TCI : En ce qui concerne le massacre des femmes le 3 mars dernier, on a parlé de complot, notamment du complot du « bissap ». Quel commentaire faites-vous de ce traitement de ce massacre ?
YJ C: Je pense que le faisant, ceux qui ont commis ces massacres voulaient se dédouaner. Ils se sont rendu compte que c’était un crime crapuleux et difficile à supporter. Nous, nous avons de la documentation qui prouve bien que ce sont les forces spéciales de M. Laurent Gbagbo qui ont tué ces femmes.
TCI : Aujourd’hui, peut-on parler de génocide ? Est-il très tôt d’en parler ?
YJC : Il y a certes des accrochages, mais il est tôt de parler de génocide. Il y a des tragédies chaque jour à Abobo et à l’ouest. Sur le plan national, les combats sont limités, il est tôt de parler de génocide. Ce sont les spécialistes qui peuvent qualifier ce qui se passe actuellement. Ce sont eux qui peuvent parler de génocide ou pas. Il y a des atteintes aux droits de l’homme, mais ce sont les experts qui pourront les qualifier. Il faut aussi dire que ces crimes sont inacceptables.
TCI : Avez découvert des charniers depuis le déclenchement de cette crise ?
YJC : Nous avons eu l’information qu’il pourrait y avoir trois ou quatre charniers : un N’Dotré, près d’Abobo et trois dans l’ouest. Nous avons visité un site suspect près de Daloa, nous n’avons pas trouvé de charnier. Nous n’avons pas encore visité les autres endroits suspects. Nous avons visité tout récemment à deux reprise, le site de N’Dotré avec des experts. Nous n’avons pas trouvé traces suspectes ni corps des morts. Mais, il faut continuer les recherches.
TCI : L’ONUCI a obtenu récemment des renforts en hommes et en matériel. A quel objectif cela répond-il ?

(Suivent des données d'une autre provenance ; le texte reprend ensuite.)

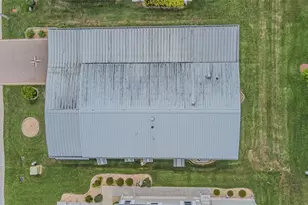 37525 Lilly Bea Ave, Zephyrhills, FL 33541 - Photo 47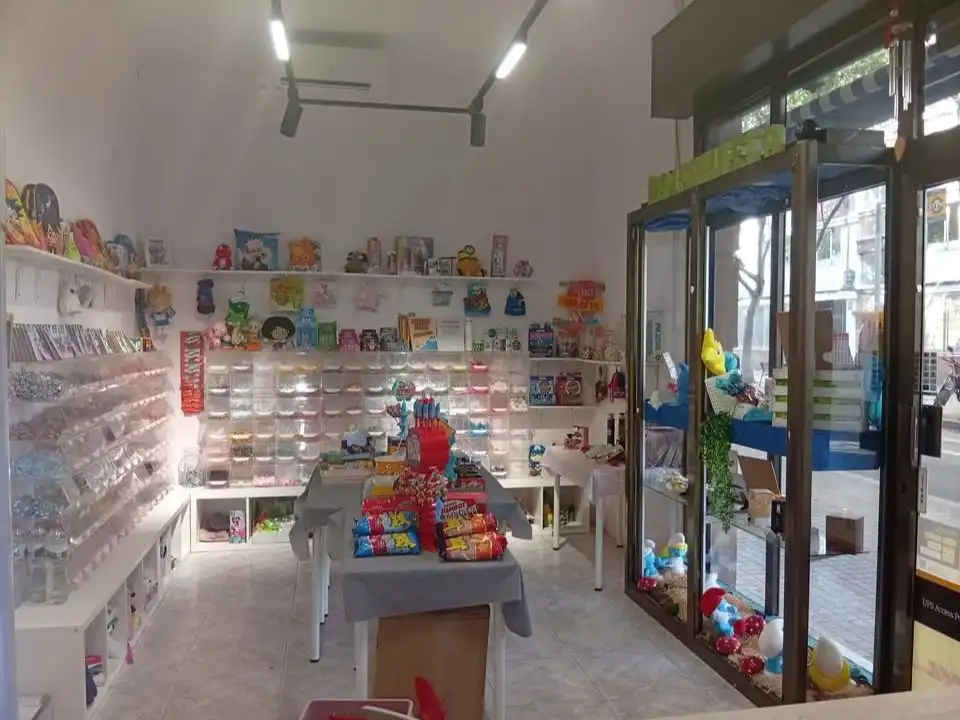 Locale commerciale in cessione a Carrer Baldomer Solà 138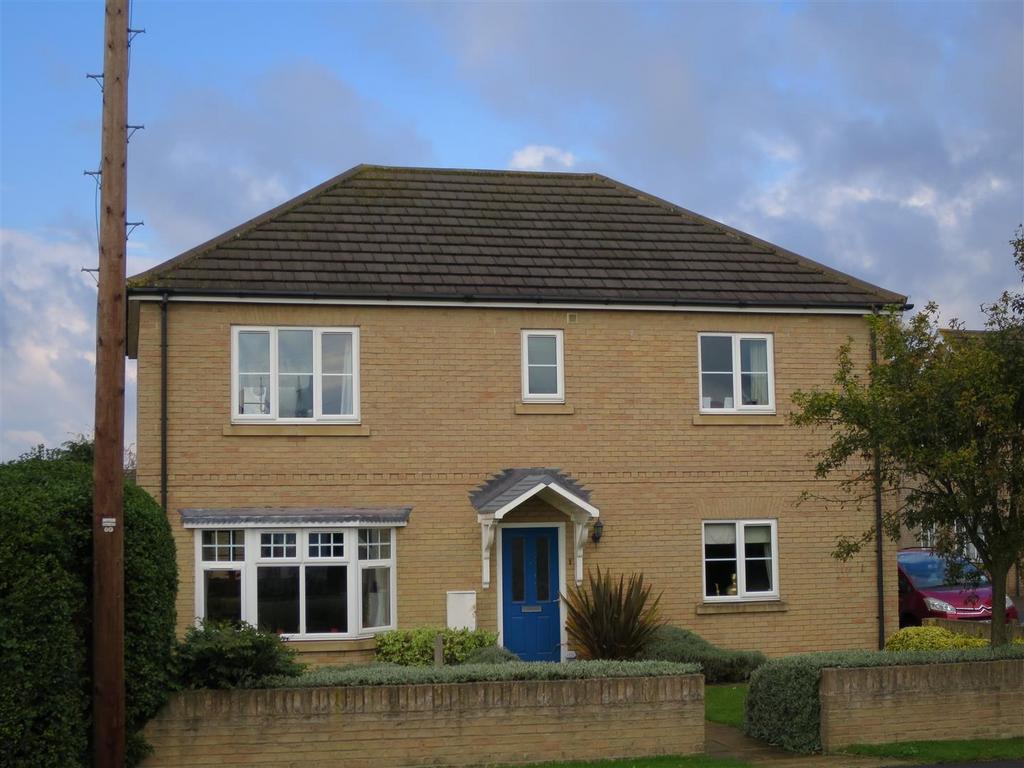 Oaktree Court, Yaxley, Peterborough 2 bed apartment £895 pcm (£207 pw)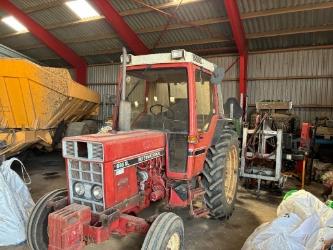 International 685 XL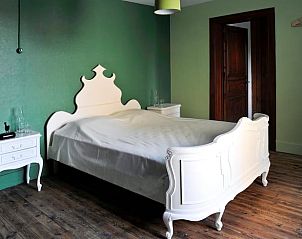 Sfeervolle slaapkamer in Vakantiehuisje in Aublain, gelegen in de Ardennen, Belgi. Geniet van rust en comfort in deze charmante vakantiewoning.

YJC : Depuis que le camp du Président Laurent Gbagbo nous a demandé de quitter le pays, nous travaillons dans un environnement hostile. Nos hommes sont pris à partie, nos véhicules sont attaqués. C’est pour cela que nous avons demandé un renfort de 2000 hommes avec trois hélicoptères armés. Les hélicoptères armés sont arrivés, les 2000 hommes nous allons les avoir bientôt. Cela nous permettra de mieux assurer notre mission. Il ne faut pas oublier que nous sommes chargés de la protection de l’hôtel du Golf et de la sauvegarde du résultat de l’élection présidentielle.

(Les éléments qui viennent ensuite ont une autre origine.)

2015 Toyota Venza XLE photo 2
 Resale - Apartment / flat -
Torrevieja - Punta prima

TCI : L’ancien Président Laurent Gbagbo vous demande de partir, vous continuez d’être sur le sol ivoirien, vos avions continuent de voler…
YJC : Nous avons un mandat du Conseil de sécurité. Nous continuons notre mission aussi bien sur terre qu’en l’air.
YJC : Le ministre français des affaires étrangères, Alain Juppé et beaucoup d’Ivoiriens pensent que vous ne faites pas assez dans le cadre de la protection des populations. Alain Juppé dit, entre autre, que votre mandat est assez clair.
CYJ : Vous savez, nous sommes 8000. 3500 sont à Abidjan dont la moitié est consacrée à l’hôtel du Golf. Malgré notre effectif réduit, nous effectuons des patrouilles dans toutes les communes d’Abidjan. Si vous ne voyez pas souvent notre présence, c’est que vous ne suivez pas.
TCI : Que vous faut-il pour faire plus ? Un changement de mandat peut-être ?
YJC : c’est une question qui est importante, mais il ne me revient pas d’y répondre. C’est le Conseil de sécurité qui doit s’en saisir. Pour faire plus, il faut changer notre mandat. Vous avez évoqué le chapitre 7, c’est vrai mais dans ce chapitre, il y a le maintien de la paix et l’imposition de la paix. C’est-à-dire qu’on fait complètement le combat contre les forces de Laurent Gbagbo. Il faut changer le mandat pour qu’il nous recommande d’imposer la paix. On n’en est pas encore là.
TCI : Cette situation de crise fait que les populations attendent beaucoup de vous. La population se dit que vous ne faites pas assez. Est-il juste de le dire ?
YJC : Imaginons que l’ONUCI ne soit pas sur le terrain aujourd’hui. Quel aurait été la situation ? Nous sommes comme l’air. On ne le sent pas, mais on sait que l’air à un rôle important pour les vivants que nous sommes.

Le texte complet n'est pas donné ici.